Lionel accepts the assignment with some trepidation. Despite the benefit of being black, large Afro and all, he feels underqualified, because he has yet to find a pocket of culture he identifies with at the fictional Winchester University.
Lionel's dilemma is one many black Americans share: a deep desire to have an identity rooted in black culture coupled with the knowledge that what's seen as "authentically black" in popular culture doesn't reflect our actual experience.
We're left in a sort of no-man's land, because we don't often see ourselves reflected in mainstream culture, nor in popular "Black Culture."
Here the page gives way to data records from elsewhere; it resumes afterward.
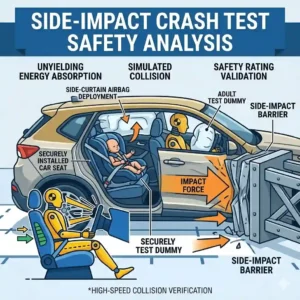 A laboratory simulation showing the safest car seat brands crash test ratings during a side impact.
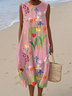 Damen Geblümt Ärmellos Sommer Print Kleid Rundhals Täglich Lässig Maxikleid Tanktop H-Linie Kleid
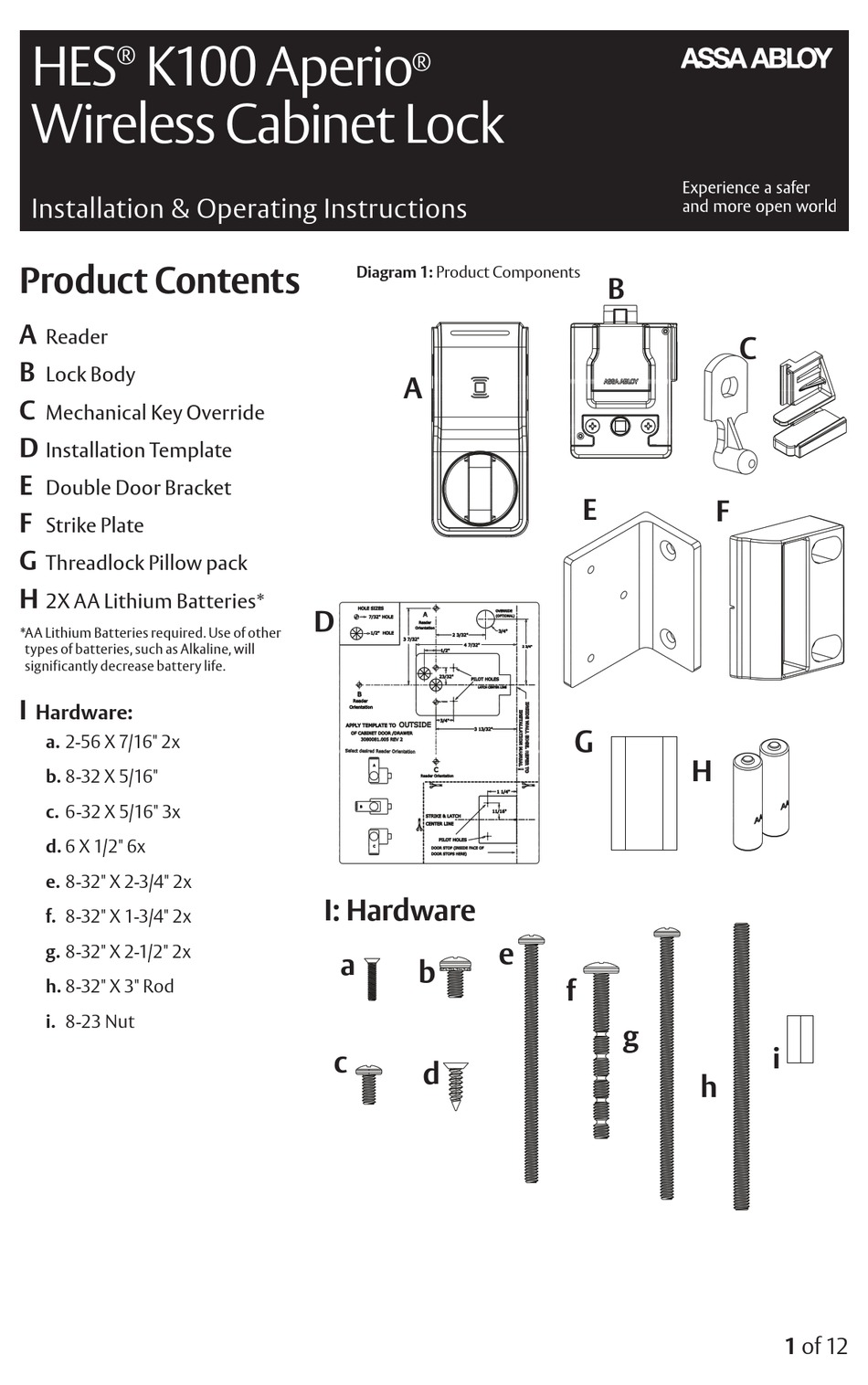 ASSA ABLOY HES APERIO K100 INSTALLATION OPERATING INSTRUCTIONS MANUAL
In making the film and engaging in debates about the state of "black film," here are five things I've come to know about black culture now:
1. There is a difference between black culture and "Black Culture"
Black culture, sans quotes, is the sum total of cultural contributions to the mainstream by the black subculture. It's a fluid and a multifaceted, often contradictory thing.
Meanwhile "Black Culture" is a lifestyle standard made of assumptions about black identity, often used successfully by marketers, studio heads, fashion brands and music labels to make money.
It can be the "cool factor" that makes kids line up for hours to spend their last dime on brand new Michael Jordan sneakers. Or the thing that makes white people call me "brotha" and blast 2 Chainz when I hop in the car.
It's what people assume about black people and how they should sound, live and act.
Black culture may have been born in black communities, or created by black Americans. But when appropriated for commerce, there is a danger of mistaking "Black Culture" for actual cultural EXPERIENCE. That's where the myth begins, and it can devalue real human experiences.
2. "Black Culture" oftentimes employs, but is not always defined by, actual black people
Often by the time "Black Culture" is being used to sell a product or idea, it's already been reinterpreted by white people.
This isn't necessarily malicious, but it's something to note. We are often told what being black is by people who aren't. Up and coming black hip hop artists are molded to appeal to the masses by white label executives. Television shows with black characters might have no black writers or directors.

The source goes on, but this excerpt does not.